Não sei se esta mulher que sobrevivia numa cama gostaria de ver o seu sofrimento atenuado porque não era capaz de comunicar por palavras. Mas mesmo que conseguisse e caso fosse o seu desejo não poderia, porque quem a ajudasse a morrer seria considerado um criminoso.

Despenalizar a eutanásia não vai, como certas pessoas populistas defendem, atirar os mais velhos e necessitados para o caminho da morte assistida, mesmo que não o desejem. Vai sim melhorar os cuidados paliativos existentes neste país, porque não basta dizer que se quer morrer, assinar de cruz e adeus até um dia.

Se alguém desejar morrer de forma digna e colocar fim ao seu sofrimento terá que iniciar um processo que será aprovado ou não por uma comissão especializada no assunto.

Imaginem que temos uma pessoa com dores horríveis que não está a ser acompanhada nos cuidados paliativos e que pensa que a única forma de colocar fim ao seu sofrimento é através da eutanásia.

A comissão ao receber o pedido desta pessoa irá avaliar que cuidados é que estão a ser prestados, e ao verificar que ainda existe uma possibilidade de melhorar a qualidade de vida da pessoa vai recusar a eutanásia e sim fazer pressão para que este indivíduo receba os melhores cuidados paliativos possíveis.

Imaginem agora que esta pessoa está a receber os melhores cuidados paliativos de sempre.

Só que desenvolve uma esclerose lateral amiotrófica. Não consegue andar, não consegue comer sozinha, começa a ter a fala afectada, e os cuidados paliativos apenas atenuam-lhe as dores físicas.

Esta pessoa não merece morrer dignamente enquanto está na posse das suas capacidades mentais para tomar tal decisão? Ou a única coisa que merece é assistir à sua degradação enquanto ser humano até não restar uma miragem da pessoa que foi?

A despenalização da eutanásia não é apenas para doenças terminais e aqui muitos indignam-se com a ideia de matar alguém que poderia viver mais dez, vinte ou cinquenta anos. 
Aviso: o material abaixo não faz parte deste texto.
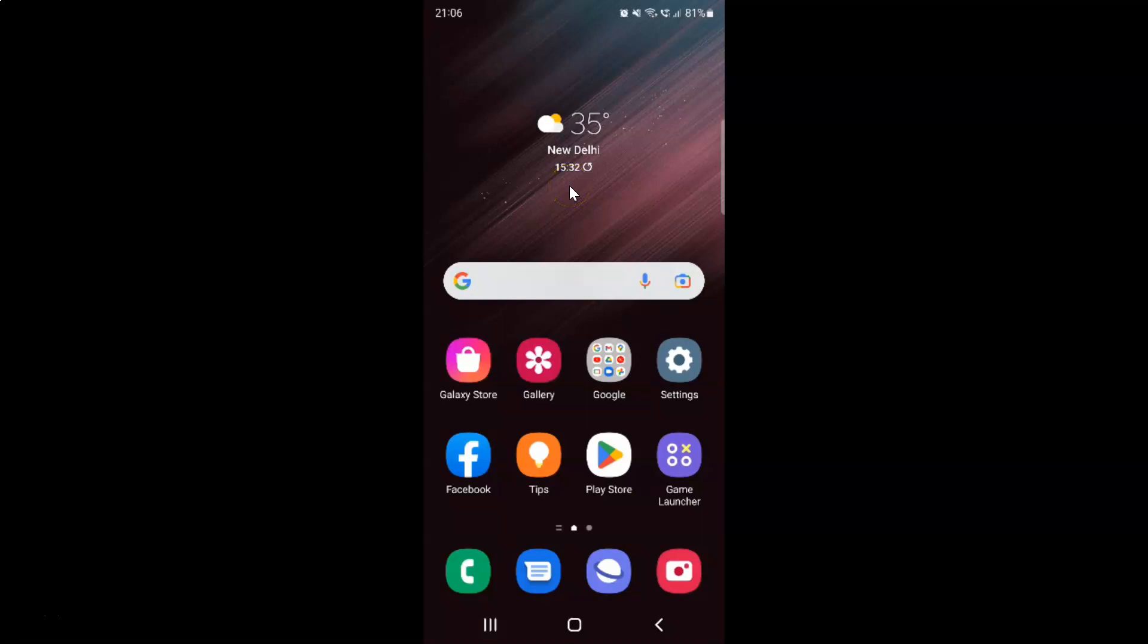Hi guys, in this video I will show you how to rename a folder on Samsung Galaxy S22 Ultra. This is my Samsung Galaxy S22 Ultra device. So let us start.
Se uma pessoa que esteja tetraplégica decidir acabar com o seu sofrimento não tem o direito de morrer dignamente? Ou por causa das crenças e ideologias de alguns temos de perpetuar uma vida que para o indivíduo não é mais que uma morte onde se respira?

Despenalizar a eutanásia não é começar a matar pessoas a torto e a direito, é sim dar o poder de escolha a como alguém quer terminar a sua vida quando já não o consegue fazer sozinho.

Sou contra o referendo à eutanásia porque despenalizar a eutanásia não implica forçar ninguém a fazer aquilo que é contra a sua vontade, enquanto que o referendo é abrir a possibilidade de alguém poder decidir sobre a vida e a morte de outra pessoa.

Só nós próprios é que devemos decidir como vivemos e como morremos.

Por mais que nos buzinem nos ouvidos que temos que sofrer como sofreram por nós ou que a vida é uma bênção que não está nas nossas mãos e que temos de aceitar o que nos colocam no caminho, o nosso destino é única e somente nosso.

Despenalizar a eutanásia é permitir que quando a festa da vida já lançou todos os seus fogos de artifício nós possamos sair a tempo pela porta grande com um sorriso no rosto!